*** Block opens ***
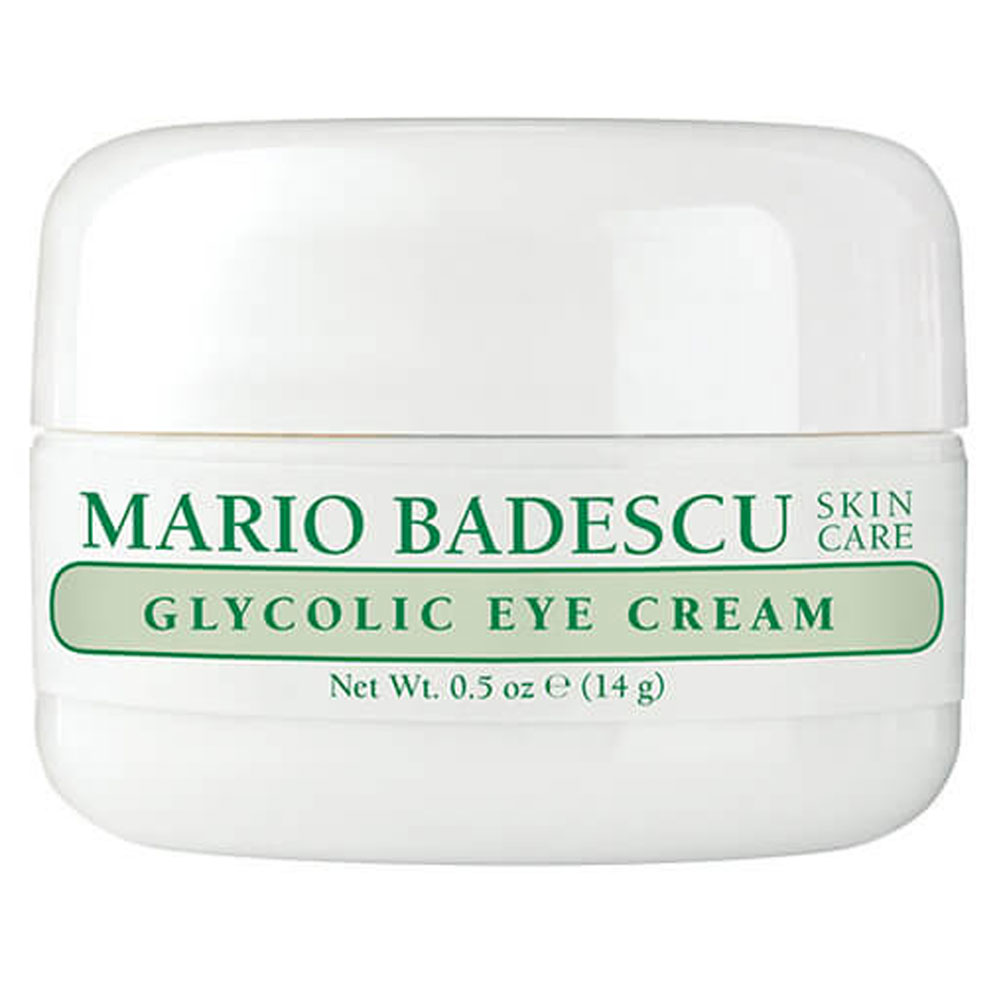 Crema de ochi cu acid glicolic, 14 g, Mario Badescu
*** Block closes ***
*** Block opens ***
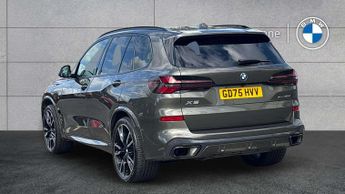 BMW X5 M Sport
*** Block closes ***
*** Block opens ***
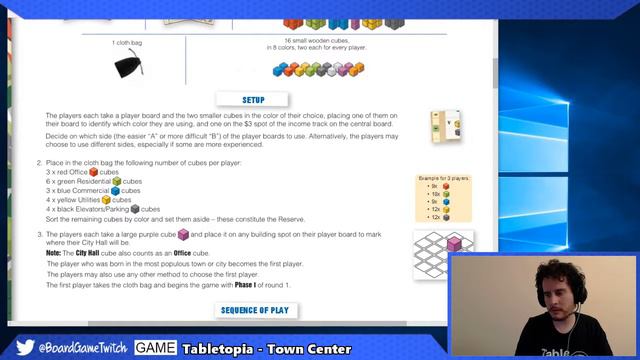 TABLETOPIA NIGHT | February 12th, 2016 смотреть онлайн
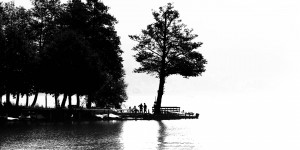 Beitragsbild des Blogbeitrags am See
*** Block closes ***
Starting with the line above that holds "TABLETOPIA NIGHT |", restate each line word for word up to and including the line that holds "Beitragsbild des Blogbeitrags am See". Drop the pictures.

▶ **Answer to this problem**
 TABLETOPIA NIGHT | February 12th, 2016 смотреть онлайн
 Beitragsbild des Blogbeitrags am See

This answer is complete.